(DATA RECORDS)
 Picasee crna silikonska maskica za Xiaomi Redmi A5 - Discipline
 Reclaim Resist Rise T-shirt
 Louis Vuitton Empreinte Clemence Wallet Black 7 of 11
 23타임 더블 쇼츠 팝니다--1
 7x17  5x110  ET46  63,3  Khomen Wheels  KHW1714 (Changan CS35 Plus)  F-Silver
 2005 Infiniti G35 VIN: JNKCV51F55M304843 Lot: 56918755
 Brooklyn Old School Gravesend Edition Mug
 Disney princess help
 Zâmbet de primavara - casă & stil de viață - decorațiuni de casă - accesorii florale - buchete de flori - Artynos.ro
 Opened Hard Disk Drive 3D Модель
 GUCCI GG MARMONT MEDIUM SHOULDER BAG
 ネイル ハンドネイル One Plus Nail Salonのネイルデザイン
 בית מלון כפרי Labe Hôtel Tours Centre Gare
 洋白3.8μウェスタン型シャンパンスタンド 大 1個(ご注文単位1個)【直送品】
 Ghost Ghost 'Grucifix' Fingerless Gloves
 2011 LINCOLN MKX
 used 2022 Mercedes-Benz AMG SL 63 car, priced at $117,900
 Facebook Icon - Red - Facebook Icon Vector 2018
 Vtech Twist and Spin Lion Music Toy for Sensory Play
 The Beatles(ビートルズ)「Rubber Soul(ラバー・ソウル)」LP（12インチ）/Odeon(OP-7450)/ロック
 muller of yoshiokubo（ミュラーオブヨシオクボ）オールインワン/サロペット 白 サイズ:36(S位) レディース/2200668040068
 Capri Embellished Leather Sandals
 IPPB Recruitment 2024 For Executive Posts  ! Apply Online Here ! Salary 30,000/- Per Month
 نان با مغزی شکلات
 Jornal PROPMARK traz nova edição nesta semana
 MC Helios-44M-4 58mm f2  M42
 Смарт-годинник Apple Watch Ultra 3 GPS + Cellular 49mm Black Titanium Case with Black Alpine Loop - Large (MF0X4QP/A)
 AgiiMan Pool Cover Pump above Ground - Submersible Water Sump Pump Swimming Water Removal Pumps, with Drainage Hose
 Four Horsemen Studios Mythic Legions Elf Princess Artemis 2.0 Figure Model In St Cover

(THE PROBLEM)
Out of the entries, report each line that contains the word "with".

(EXPECTED ANSWER)
 Смарт-годинник Apple Watch Ultra 3 GPS + Cellular 49mm Black Titanium Case with Black Alpine Loop - Large (MF0X4QP/A)
 AgiiMan Pool Cover Pump above Ground - Submersible Water Sump Pump Swimming Water Removal Pumps, with Drainage Hose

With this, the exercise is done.